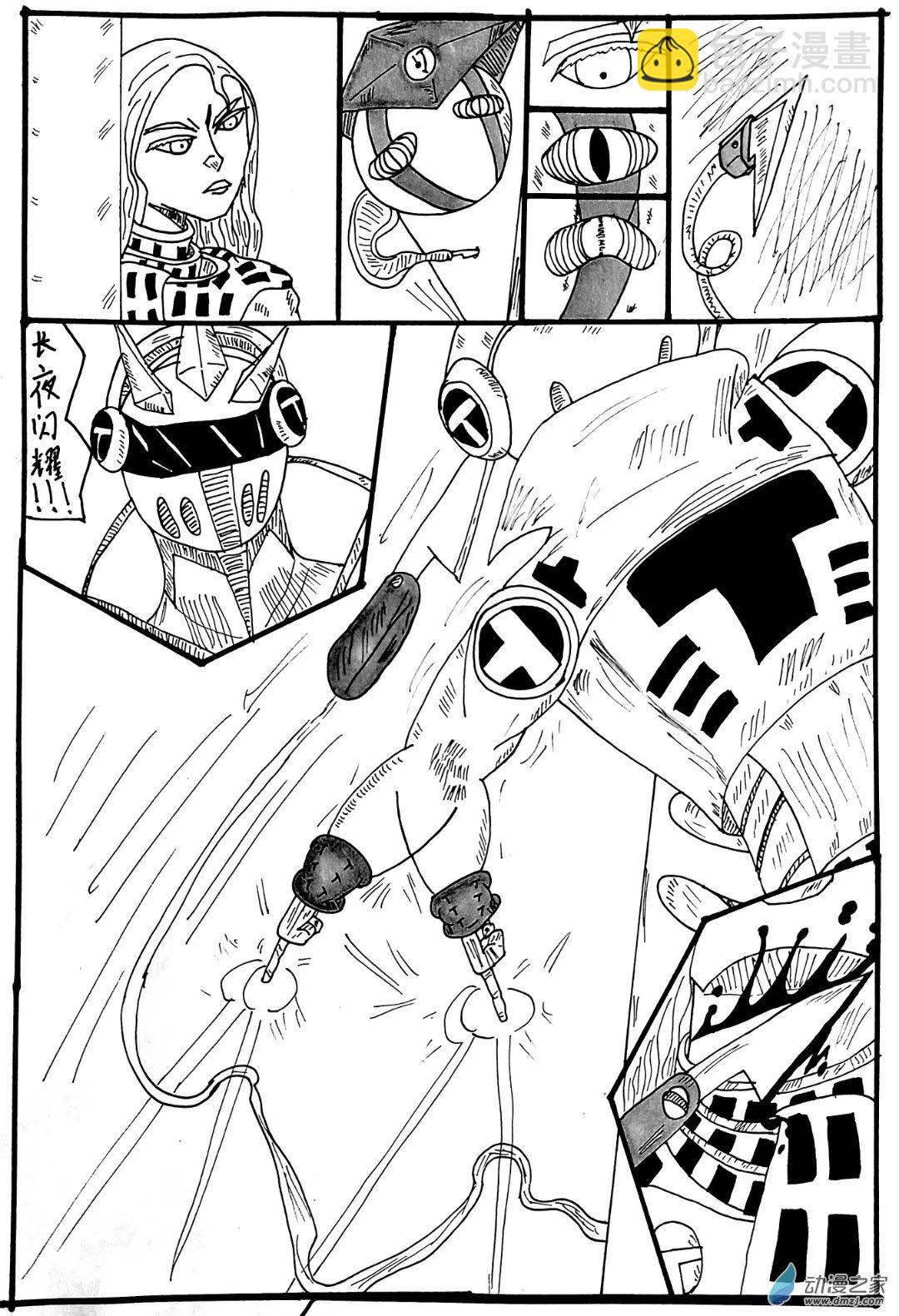 第20话 【临终时刻】其二-第20话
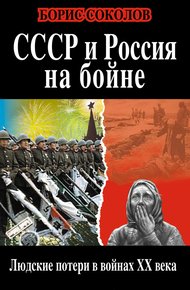 Обложка книги СССР и Россия на бойне. Людские потери в войнах XX века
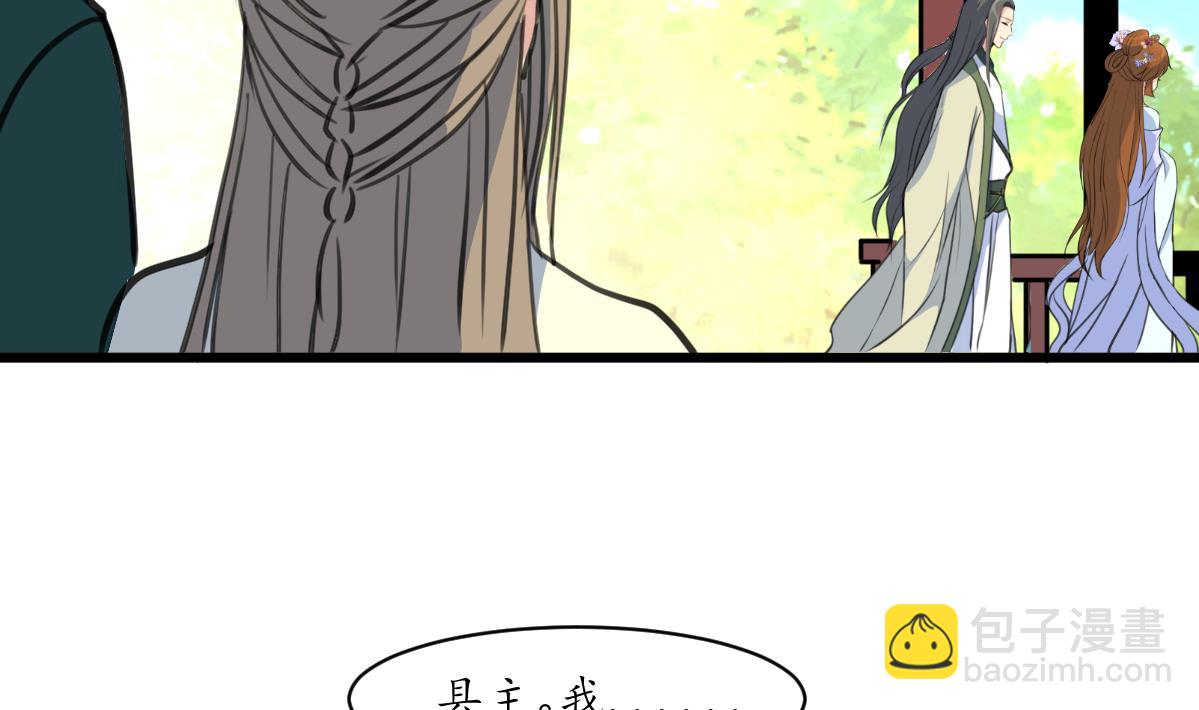第204话 美味蛇羹-第205话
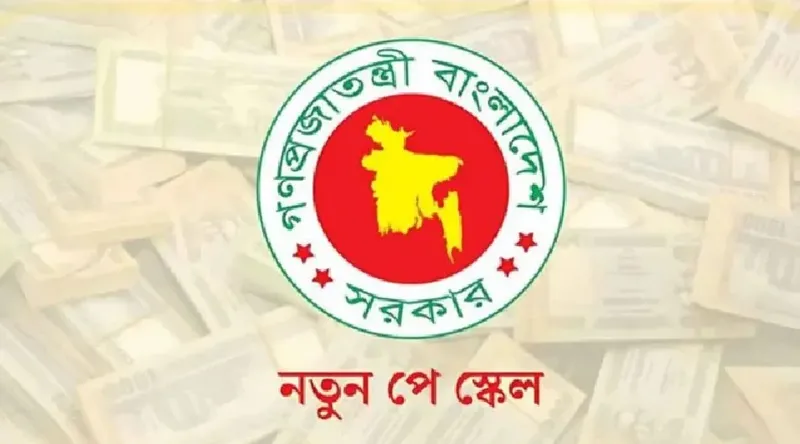 নতুন পে-স্কেলে কমেছে ৩ ধরনের ভাতা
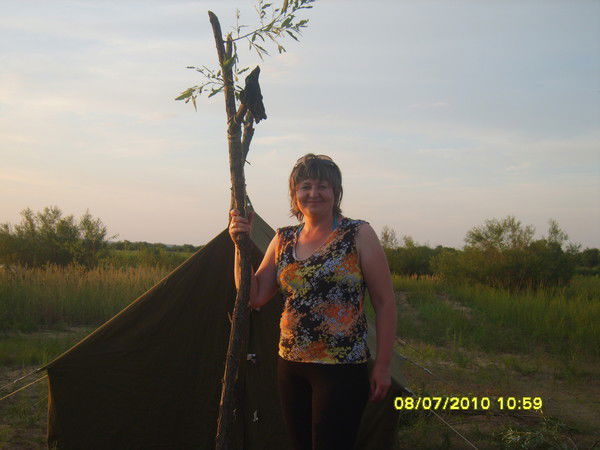 Елена Михайленко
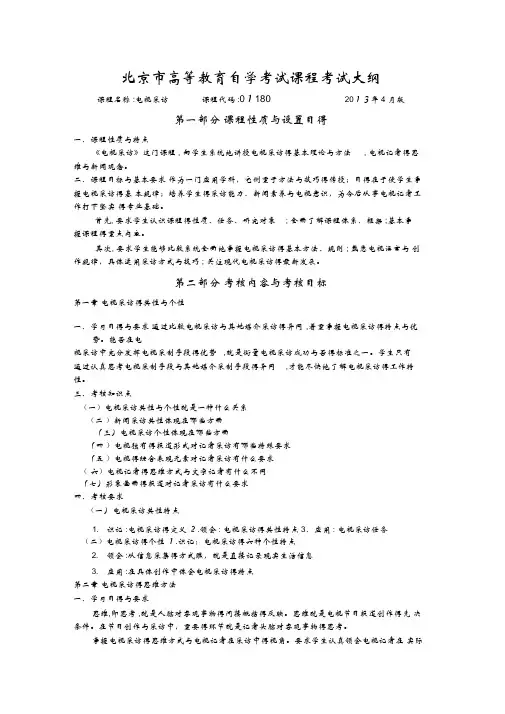电视采访大纲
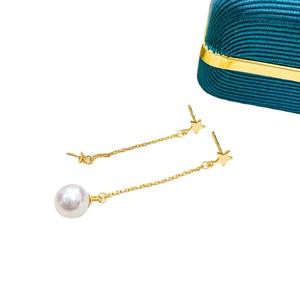 Aretes de Plata S925 con Soporte para Perlas DIY, Joyería con Forma de Estrella, para Perlas de 7-10mm, Aretes Colgantes de Moda 2023 - Product Image 5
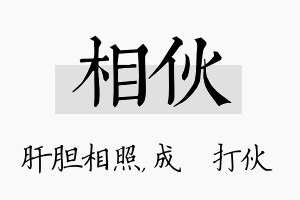 相伙名字的寓意及含义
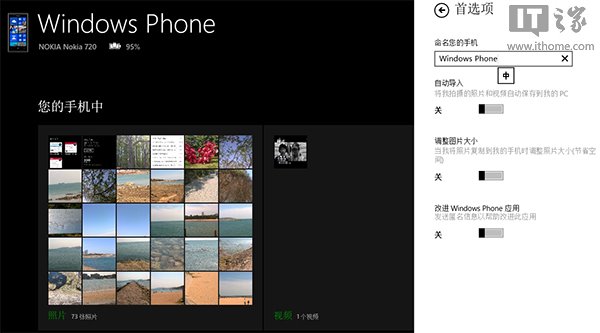 怎么樣同步WP9端網(wǎng)頁(yè) Win8.1 IE11攻略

—————

Leave the pictures out. Transcribe exactly the lines from the one with "Обложка книги СССР" through the end of the records.

 Обложка книги СССР и Россия на бойне. Людские потери в войнах XX века
第204话 美味蛇羹-第205话
 নতুন পে-স্কেলে কমেছে ৩ ধরনের ভাতা
 Елена Михайленко
电视采访大纲
 Aretes de Plata S925 con Soporte para Perlas DIY, Joyería con Forma de Estrella, para Perlas de 7-10mm, Aretes Colgantes de Moda 2023 - Product Image 5
 相伙名字的寓意及含义
 怎么樣同步WP9端網(wǎng)頁(yè) Win8.1 IE11攻略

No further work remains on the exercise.